Casi ni me doy cuenta pero me voy sonriendo. Soy libre, y mientras me pierdo entre calles abarrotadas me da por pensar que el señor que me ha entrevistado nunca ha tenido 10 años de experiencia.
Tiene media hora de experiencia repetida durante 10 años.


* - Va por los que están en paro o buscan su primer trabajo. Para que nunca se encuentren en situaciones similares.

viernes, 10 de enero de 2020

Tiempo

Hace tiempo que mi muñeca izquierda es huérfana. A los 32 años noté que me picaba la muñeca con persistencia, justo debajo del reloj.

Intenté resistirme, pero pasaban los días y el picor se incrementaba hasta convertirse en obsesión.

Examiné cuidadosamente la correa del reloj. Estaba en buen estado. Aun así decidí cambiarla por otra, de titanio y antialérgica. Cara, pero según el vendedor, infalible. Ya. Durante tres días exactos. Porque al cuarto me picaba más que antes.

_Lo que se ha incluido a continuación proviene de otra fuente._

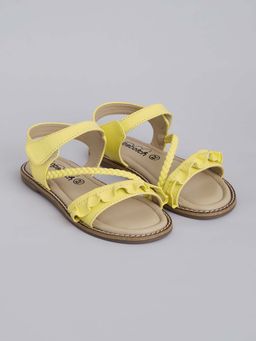 Hopscotch - Girls Yellow Ruffle and Braided Sandals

Acabé desistiendo y me quité el reloj. Empecé a llegar tarde a las reuniones. Comía en horarios irregulares y empleaba más tiempo del debido en algunas tareas. Pero también me di cuenta de que todo era más elástico. La tensión de los plazos que me aprisionaban se difuminaba. Mi agenda no era tan intensa. Me avisaban de las reuniones justo cuando comenzaban. Y duraban hasta que los temas se cerraban, no hasta una hora planificada.

Y en mi tiempo libre empecé a comer cuando tenía hambre y a dormir cuando tenía sueño. Me levantaba cuando estaba descansado. Mi vida empezó a llenarse de ratos y ratitos mientras se vaciaba de horarios y agendas.

Años después reflexioné y se me ocurrió ponerme una pulsera en la mano izquierda. De cuero, como la del reloj. No pasó nada. Luego una de acero, y después una de titanio. Tampoco pasó nada. Al final me las quité todas.

Mi piel no era alérgica al reloj. Lo era mi alma.

No sé para qué llevaba reloj si nunca tenía tiempo para nada.